Le directeur de LIGO, interrogé par la revue scientifique américaine New Scientist n'a ni confirmé ni infirmé ces informations affirmant simplement:
La seconde et excitante campagne de mesure O2 tire à sa fin le 25 août. Nous envisageons de poster une mise à jour de première importance à ce moment là.
(A very exciting O2 Observing run is drawing to a close August 25. We look forward to posting a top-level update at that time)

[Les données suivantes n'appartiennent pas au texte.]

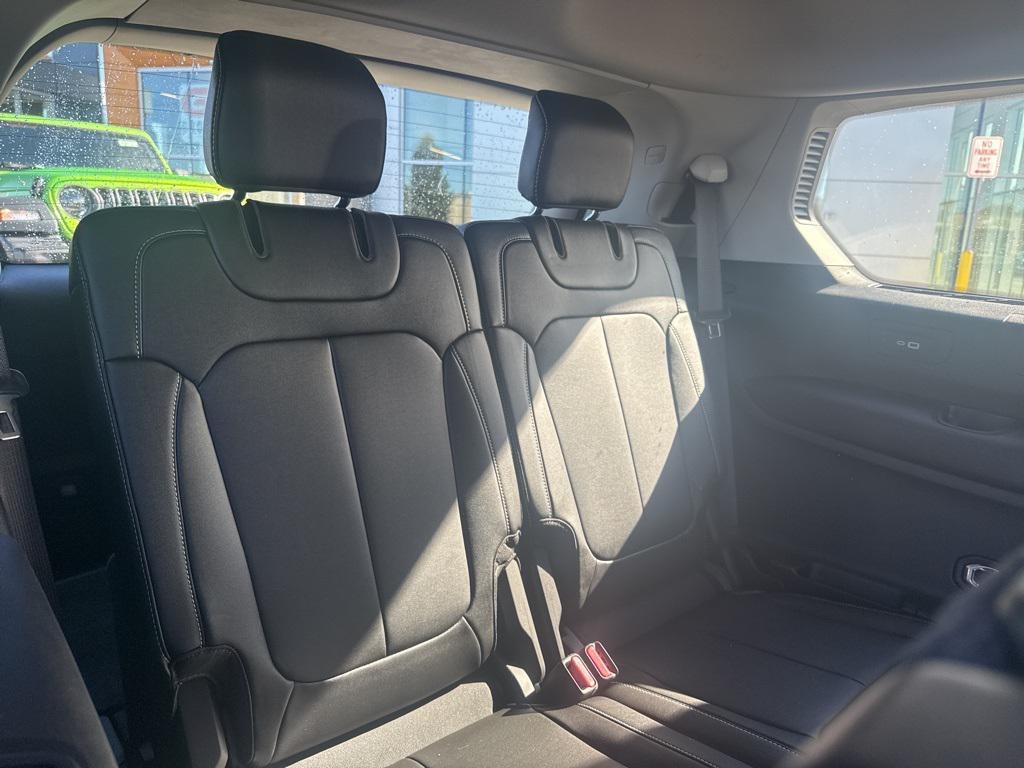 used 2023 Jeep Grand Cherokee L car, priced at $38,900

Je rappelle qu'à ce jour le consensus dans la communauté scientifique est que trois signaux clairs d'ondes gravitationnelles ont été détectés par LIGO. La forme du signal suit dans les trois cas les prévisions de la théorie de la relativité générale proposée par Einstein en 1915 à condition de modéliser l’événement à l'origine du signal par la coalescence (collision + fusion) d'une paire de trous noirs de quelque dizaines de masses solaires. Je signale néanmoins que des interrogations sérieuses légitimes*** étayées par une étude dont la rigueur scientifique a été reconnue existent encore sur l'origine des signaux identifiés par LIGO.
Au lecteur qui s'offusquerait de la mise en ligne ici de ce qui n'est qu'une rumeur-du-web je me permettrais de le convier à (re)lire l'histoire de la diffusion de la découverte directe des premières ondes gravitationnelles et à voir dans ce billet une tentative modeste non seulement de propagation de l'information mais aussi de concentration, de filtrage et d'amplification voire de rétroaction s'il se joint au jeu...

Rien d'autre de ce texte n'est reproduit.